If a coloring scheme includes white, it may be helpful to make the background a different color:
Command: back solid light blue
To color by Coulombic electrostatic potential:
Command: coulombic -10 red 0 white 10 blue
The result shows a predominantly positive protuberance on the inhibitor (right) interacting with a primarily negative pocket on the enzyme (left), with the opposite charge pattern on surrounding areas.

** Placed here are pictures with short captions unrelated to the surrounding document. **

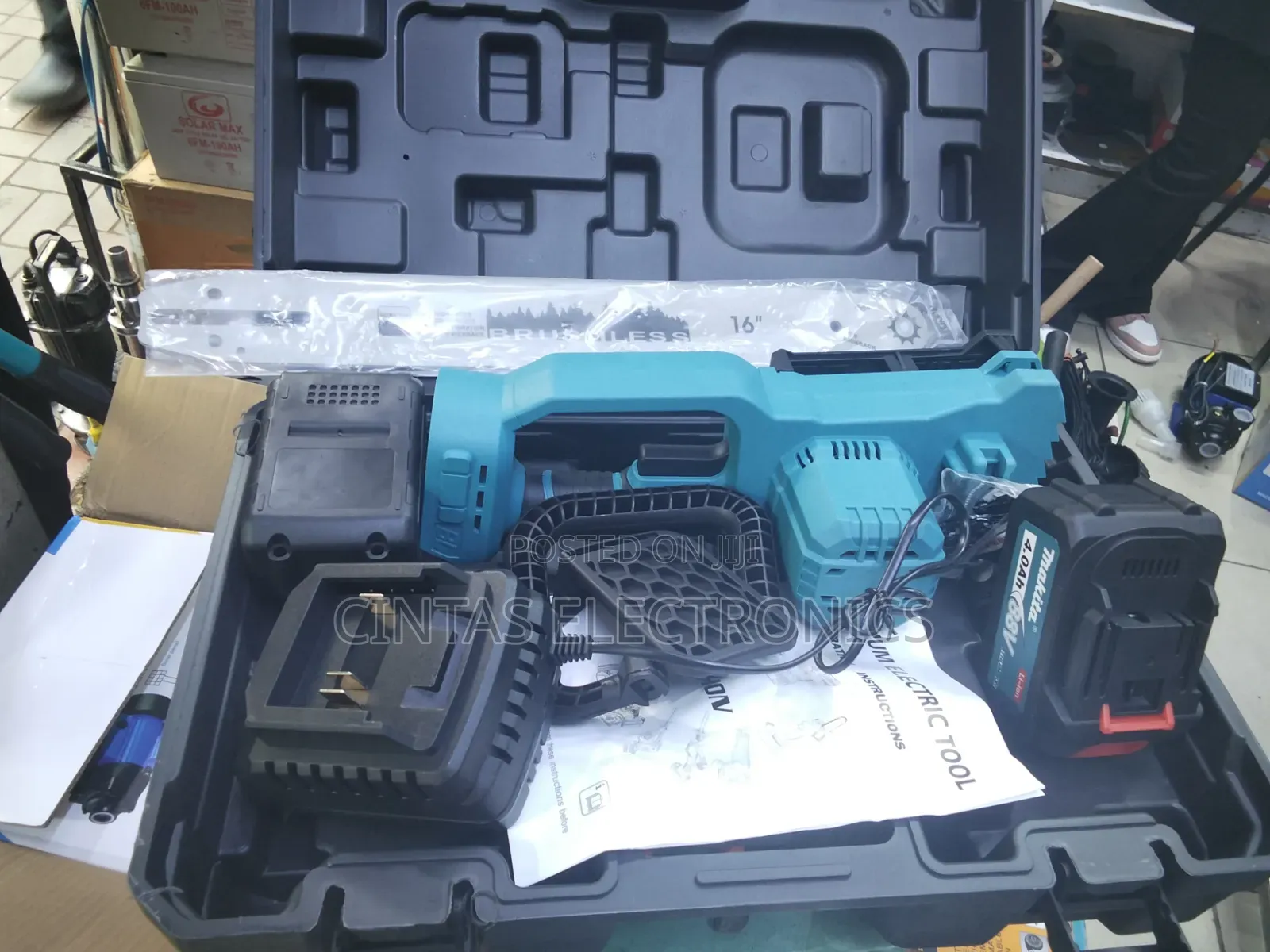 16" Makita Cordless Chainsaw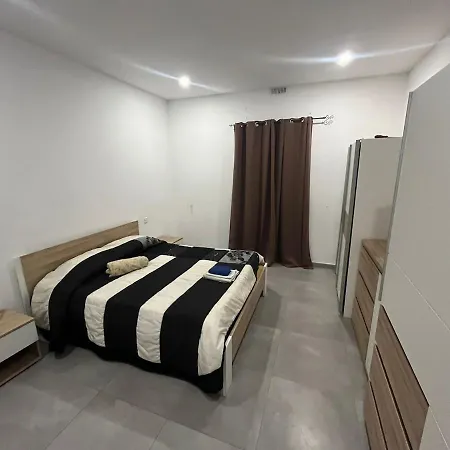 Balluta Bay Seabreeze Apartment St. Julian's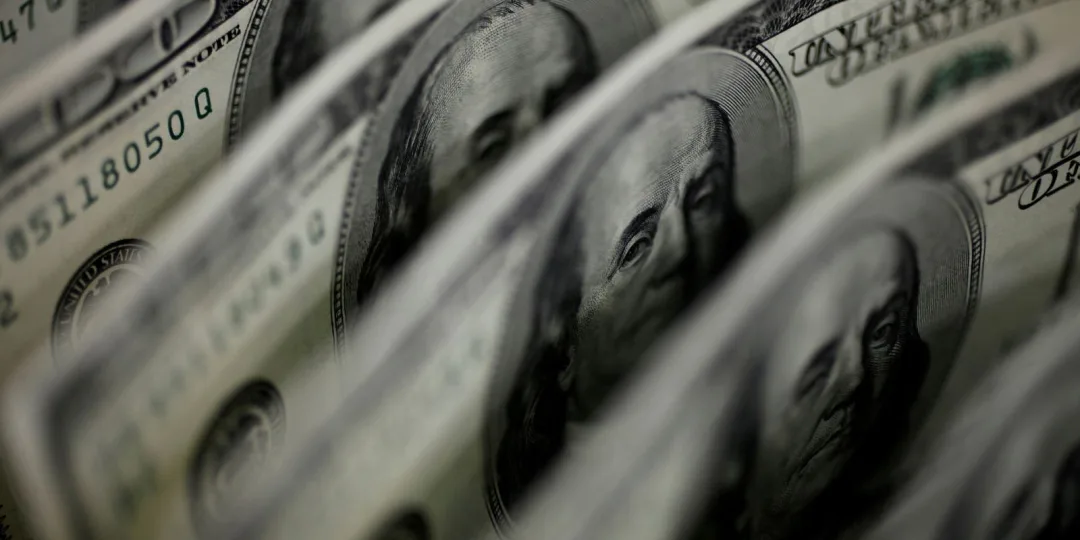 Dólar sobe 8,21% e bolsa cai 13,88% após reeleição de Lula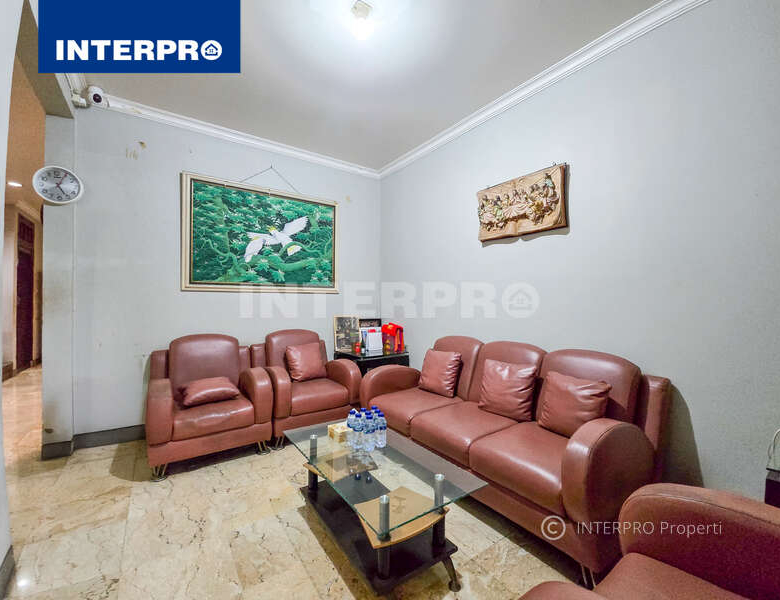 Rumah Dijual Taman Kedoya Baru 360m2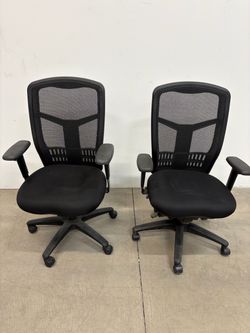 Black Mesh Office Chairs – Set of 2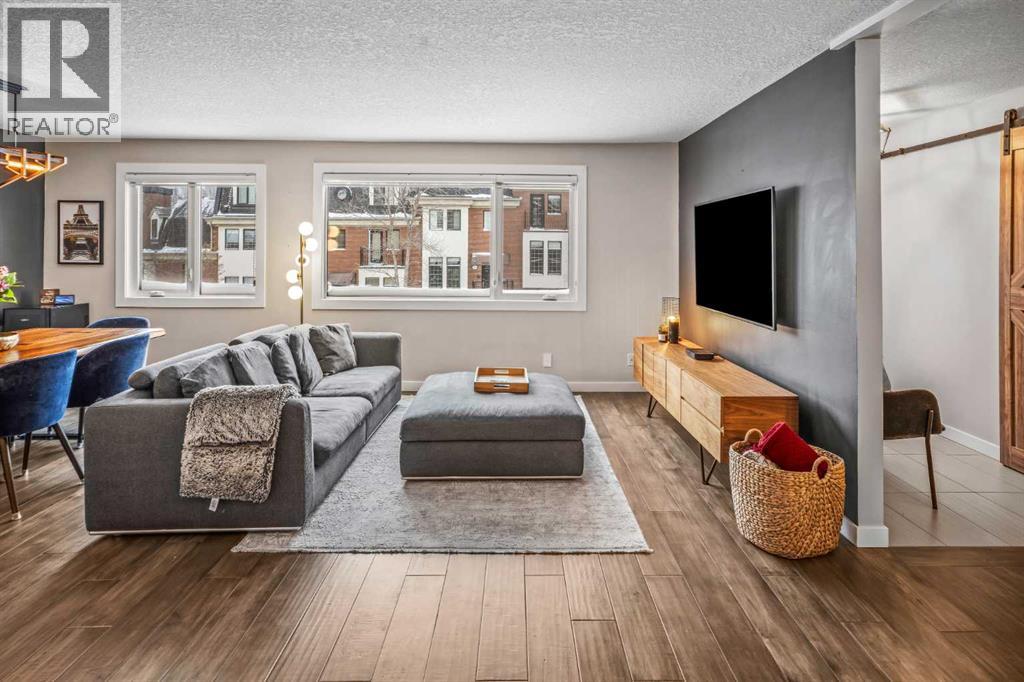 Row / Townhouse for Sale in 4, 1205 Cameron Avenue SW|Calgary, Alberta T2T0K8 5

To color by per-residue concavity/convexity, open the Attribute Calculator (Tools... Structure Analysis... Attribute Calculator). Calculate a new attribute named convexity for residues using the Formula
residue.areaSAS/residue.areaSESValues of convexity > 1 represent convex areas, while values < 1 represent concave areas. Click OK to perform the calculation and assignment. A warning message will appear because some residues have an areaSES of zero, resulting in a divide-by-zero error. However, just close the warning dialog; values have been assigned correctly to the remaining residues. The coloring command could be something like:
Command: rangecolor convexity min purple 1 white max yellow
The result mainly serves to emphasize what is already evident from the shadowed surfaces: that a knobby protuberance on the inhibitor plugs into a socket on trypsin. The Attributes tutorial, part 2 describes showing per-atom rather than per-residue convexity, but the results are similar.